Searching...
Sabtu, 14 Mei 2016

Perjuangan Dan Labelling. Lalu, Bagaimana Sikap Kita?

Perjuangan Dan Labelling. Lalu, Bagaimana Sikap Kita?
Oleh: M. Jandi
Editor: A.Az


Bismillahirahmanirrohim.

Di abad 21 ini, berbagai penyimpangan dan penistaan agama semakin bermunculan dan terus tumbuh bak jamur dimusim hujan. Tujuan mereka tidak lain yaitu upaya pencacatan akidah. Upaya tersebut hari ini tidak lagi dilakukan dengan kekerasan fisik seperti pada tragedi Valencia di Spanyol, dimana 60.000 kaum muslimin dibantai dalam satu hari. Tapi hari ini upaya mereka mencacatkan akidah kaum muslimin adalah dengan perang pemikiran. Oleh sebabnyalah pada abad ini kita temui bahwa gerakan-gerakan yang jelas memiliki tujuan memerangi akidah umat islam sangat masif kita rasakan. Salah satunya adalah jaringan islam liberal (JIL) dan Syi’ah. Kedua faham ini sangat meresahkan umat muslim khususnya Indonesia, bahkan berbagai ormas dan kelompok islam pun menolak akan keberadaannya di Indonesia.
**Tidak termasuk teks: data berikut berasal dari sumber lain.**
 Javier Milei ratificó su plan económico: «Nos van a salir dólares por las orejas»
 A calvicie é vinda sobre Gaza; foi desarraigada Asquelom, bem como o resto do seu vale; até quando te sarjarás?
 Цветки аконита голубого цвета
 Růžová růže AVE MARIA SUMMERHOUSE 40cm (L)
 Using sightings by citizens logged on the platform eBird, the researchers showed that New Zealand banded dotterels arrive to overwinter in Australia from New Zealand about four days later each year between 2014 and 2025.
Karena dari kedua gerakan ini terlalu berlebihan dalam menafsirikan berbagai nash-nash syar’i dan cenderung merendahkanya.
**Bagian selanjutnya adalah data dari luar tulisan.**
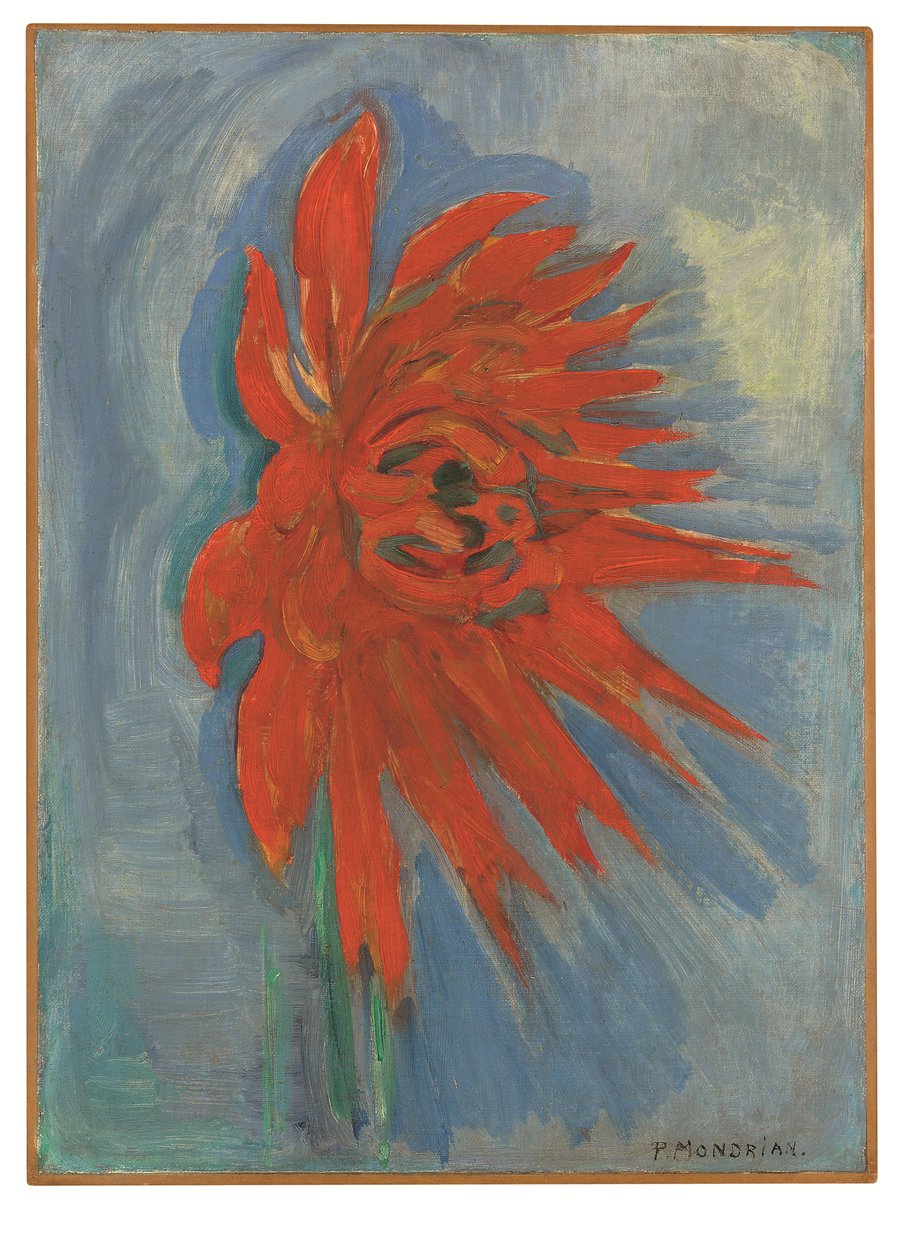 Czerwona chryzantema na niebieskim tle, ok. 1909-10 (olej na płótnie) autorstwa Piet Mondrian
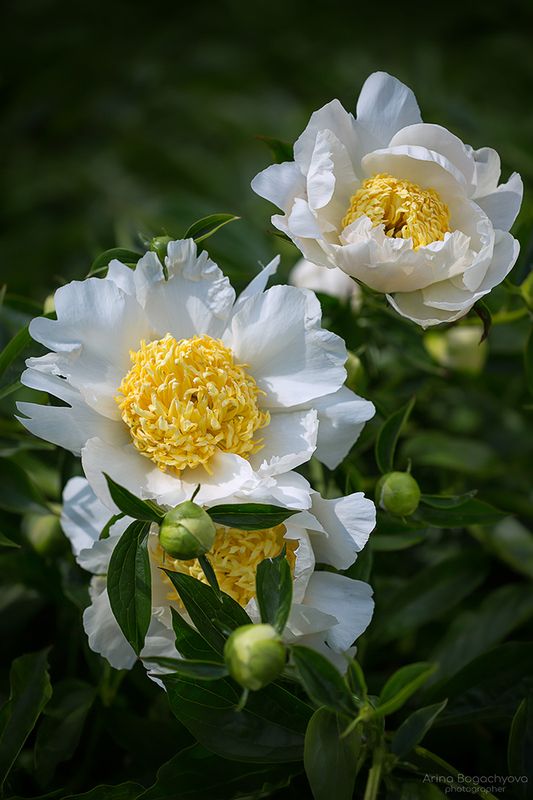 Белые пионыphoto preview
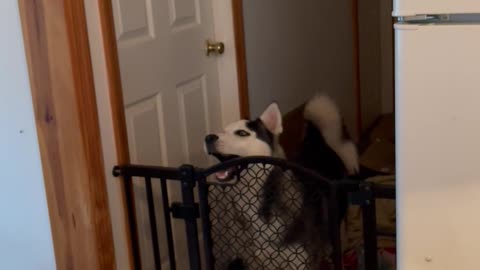 Clever Dog Outsmarts Dog Gate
Jaringan Islam Liberal dan Syi’ah memiliki tujuan. Yakni, ingin menjungkirbalikkan akidah umat muslim dan secara perlahan masuk dalam serambi jantungnya, dan kemudian menghancurkannya. Kita sadari bersama bahwasanya untuk menumpas penyimpangan pemahaman sesat ini bukanlah pekerjaan mudah. Maka dari itu,  perlu adanya kerja kolektif dari berbagai kalangan untuk membendung paham liberal yang berusaha menempelkan diri pada tubuh umat Islam.
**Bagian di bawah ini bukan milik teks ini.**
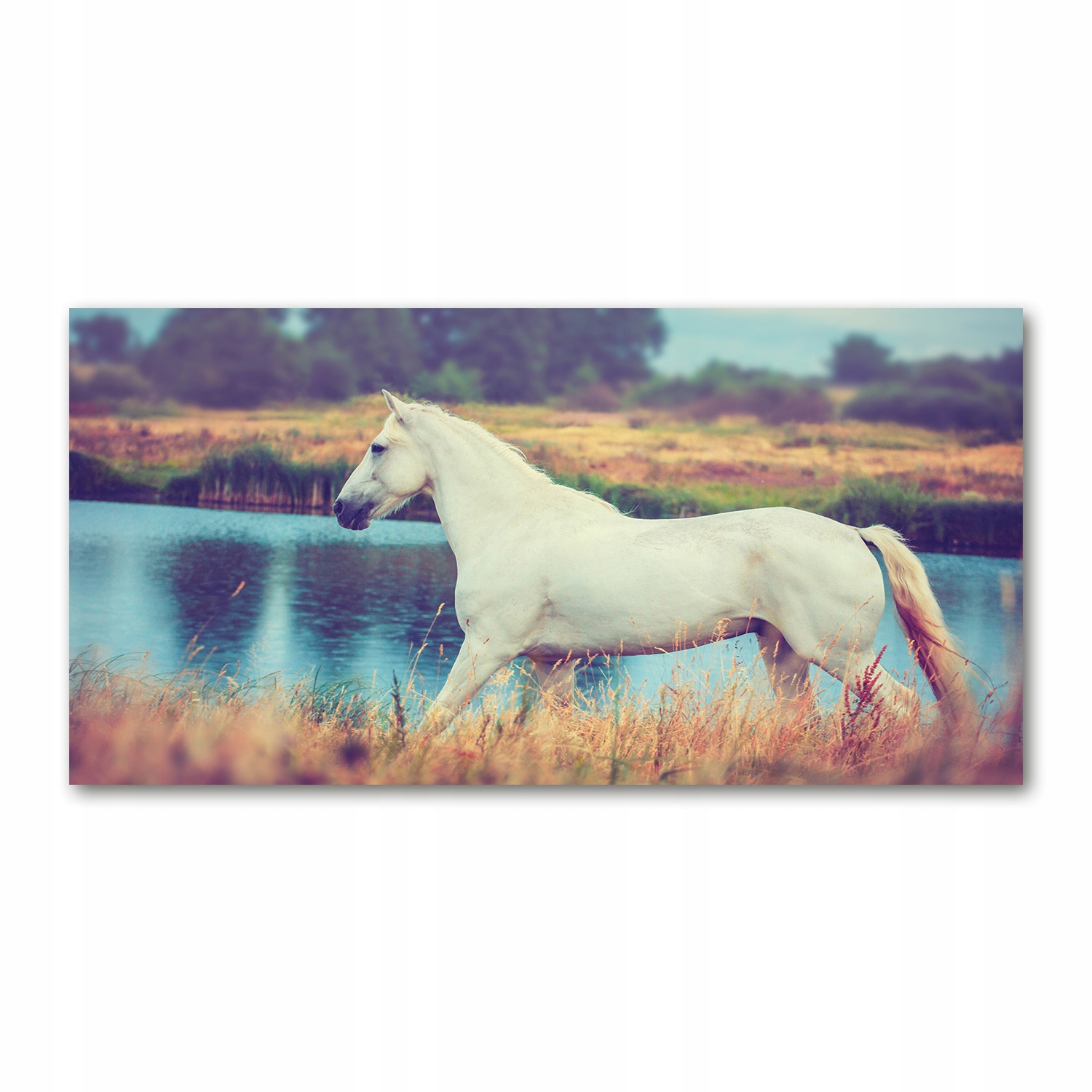 

Foto obraz szkło akryl Biały koń jezioro 120X60 cm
Beberapa hari yang lalu, penulis mendapatkan pesan dari media sosial yang dimana isinya mengenai JIL. Yang ditulis oleh Prof. KH. Muthofa Ali Ya’kub, rahimahullah. Bahwa JIL adalah sebuah pemikiran yang sifatnya liberal. Pemikiran tidak terpaku dengan teks-teks agama yakni (Al-Qur’an dan Hadist), tetapi lebih terikat dengan nilai-nilai yang terkandung dalam teks-teks tersebut. Dalam implementasinya pemikiran ini dapat disebut meninggalkan teks sama sekali, dan hanya menggunakan rasio dan selera belaka.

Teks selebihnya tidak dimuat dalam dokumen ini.